After completing these steps, you can watch the memory/instance/gui graph continue to grow until the client eventually runs out of memory and crashes. Here’s what the graph looks like standing idle for a while:
Micro Profiler showing leak occurring in AR2

This issue also reproduces in Studio, so you can use Studio to test implementing the workaround.

LMH_Hutch · November 21, 2022, 9:17pm

Awesome, thank you for the insights. We’ll definitely be giving this workaround a try and paying more attention to event connections.

Can we still expect a patch to solve this, or is it mostly in our hands now?

LazerPengu · November 21, 2022, 9:18pm

We will be patching the engine to resolve this leak, but we expect the patch to take a while to be released. This workaround is only intended to be temporary and can be removed once the engine is patched.

LMH_Hutch · November 21, 2022, 10:29pm

Could we get clarification that this is a gui specific memory leak, or should we be applying this workaround to other object types too?

Also is the workaround event specific, or is connecting and disconnecting to only .Changed enough?

newtonmetre · November 21, 2022, 11:51pm

I believe it applies to all object types. It’s just more prevalent with gui objects in your Experience.

LazerPengu · November 22, 2022, 1:03am

This issue happens with all object types and all events. It happens when any event handler destroys its parent object.
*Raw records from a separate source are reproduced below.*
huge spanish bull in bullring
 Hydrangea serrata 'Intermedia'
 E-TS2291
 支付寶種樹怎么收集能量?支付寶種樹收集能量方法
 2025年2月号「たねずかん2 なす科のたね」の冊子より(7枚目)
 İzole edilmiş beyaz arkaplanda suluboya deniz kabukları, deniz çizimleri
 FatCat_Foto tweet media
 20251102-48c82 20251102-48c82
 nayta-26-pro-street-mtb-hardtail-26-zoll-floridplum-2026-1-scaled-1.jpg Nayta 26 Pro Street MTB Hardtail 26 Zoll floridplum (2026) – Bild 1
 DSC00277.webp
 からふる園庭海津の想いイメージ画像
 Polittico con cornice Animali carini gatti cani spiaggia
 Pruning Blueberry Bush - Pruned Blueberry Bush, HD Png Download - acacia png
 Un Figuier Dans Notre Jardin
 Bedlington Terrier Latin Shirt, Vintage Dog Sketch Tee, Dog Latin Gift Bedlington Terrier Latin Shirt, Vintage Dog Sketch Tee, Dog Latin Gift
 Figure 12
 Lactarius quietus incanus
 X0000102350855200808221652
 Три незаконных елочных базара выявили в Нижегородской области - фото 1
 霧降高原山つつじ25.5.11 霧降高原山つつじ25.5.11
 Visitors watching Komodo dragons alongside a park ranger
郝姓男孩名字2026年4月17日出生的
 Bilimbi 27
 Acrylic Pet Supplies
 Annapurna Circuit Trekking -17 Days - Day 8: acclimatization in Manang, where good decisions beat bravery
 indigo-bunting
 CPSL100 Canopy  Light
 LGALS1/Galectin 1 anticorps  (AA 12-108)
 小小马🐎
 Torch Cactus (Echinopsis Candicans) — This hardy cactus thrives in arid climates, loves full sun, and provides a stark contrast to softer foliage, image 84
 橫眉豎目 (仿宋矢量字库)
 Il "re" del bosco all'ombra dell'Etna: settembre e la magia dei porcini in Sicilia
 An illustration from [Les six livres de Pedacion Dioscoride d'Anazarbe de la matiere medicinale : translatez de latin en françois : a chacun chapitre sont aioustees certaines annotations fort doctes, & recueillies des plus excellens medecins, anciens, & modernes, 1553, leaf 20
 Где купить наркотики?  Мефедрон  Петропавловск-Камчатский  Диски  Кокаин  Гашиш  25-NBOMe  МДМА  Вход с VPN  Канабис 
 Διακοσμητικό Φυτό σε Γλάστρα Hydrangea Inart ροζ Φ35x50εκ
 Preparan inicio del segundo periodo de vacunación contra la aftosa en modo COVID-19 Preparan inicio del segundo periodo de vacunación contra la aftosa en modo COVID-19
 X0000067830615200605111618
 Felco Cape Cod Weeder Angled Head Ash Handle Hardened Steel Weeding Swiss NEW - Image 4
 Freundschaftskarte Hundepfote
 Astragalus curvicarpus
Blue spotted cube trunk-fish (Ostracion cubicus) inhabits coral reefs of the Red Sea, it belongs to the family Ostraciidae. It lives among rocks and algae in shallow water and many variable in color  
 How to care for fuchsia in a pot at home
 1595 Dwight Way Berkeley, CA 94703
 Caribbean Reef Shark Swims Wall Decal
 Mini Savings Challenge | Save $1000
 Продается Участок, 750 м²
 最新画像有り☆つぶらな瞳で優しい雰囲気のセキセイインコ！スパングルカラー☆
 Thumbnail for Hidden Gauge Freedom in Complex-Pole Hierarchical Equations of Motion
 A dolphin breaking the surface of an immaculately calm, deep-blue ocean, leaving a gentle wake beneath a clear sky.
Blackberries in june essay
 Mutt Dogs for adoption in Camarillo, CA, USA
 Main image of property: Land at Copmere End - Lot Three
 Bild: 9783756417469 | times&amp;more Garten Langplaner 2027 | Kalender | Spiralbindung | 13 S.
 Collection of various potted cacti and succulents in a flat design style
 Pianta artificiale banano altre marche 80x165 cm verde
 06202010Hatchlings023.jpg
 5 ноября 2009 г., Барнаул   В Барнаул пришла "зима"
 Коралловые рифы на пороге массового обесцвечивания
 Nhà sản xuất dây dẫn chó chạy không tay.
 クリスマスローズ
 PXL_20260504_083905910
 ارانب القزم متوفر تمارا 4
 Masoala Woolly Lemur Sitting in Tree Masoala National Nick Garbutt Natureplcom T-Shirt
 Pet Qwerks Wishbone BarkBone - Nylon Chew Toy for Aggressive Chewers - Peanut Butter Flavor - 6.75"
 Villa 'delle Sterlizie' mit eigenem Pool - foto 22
The event you connect/disconnect from in the workaround should be the same event that you’re about to destroy the object from. You don’t need to connect/disconnect all events on the object: just the one that you’re about to destroy it from. For example:

local button = script.Parent -- assume it's a TextButton

button.Changed:Connect(function ()
	print("Button changed") -- doesn't destroy the button; no workaround needed.
end)

button.MouseButton1Click:Connect(function ()
	print("Clicked")
	button:Destroy() -- this handler destroys its parent, so it needs to have the workaround
end)

And in this case, since the MouseButton1Click Event is the one calling Destroy(), the workaround would look like this:

-- Edited version of the above event handler to apply the workaround.
button.MouseButton1Click:Connect(function ()
	print("Clicked")
	-- Connect to the same event as this handler.
	connection = button.MouseButton1Click:Connect(function ()
		-- This function isn't ever called, you don't really need anything here.
		assert(false, "Not reached")
	end)
	connection:Disconnect()
	button:Destroy()
end)

You can even make the workaround a one-liner if you want:

-- Shorter edited version.
button.MouseButton1Click:Connect(function ()
	print("Clicked")
	button.MouseButton1Click:Connect(function () end):Disconnect() -- one-liner version
	button:Destroy()
end)

Even though we also use the Changed event on this button, we don’t need to apply the workaround to it because it doesn’t destroy the button.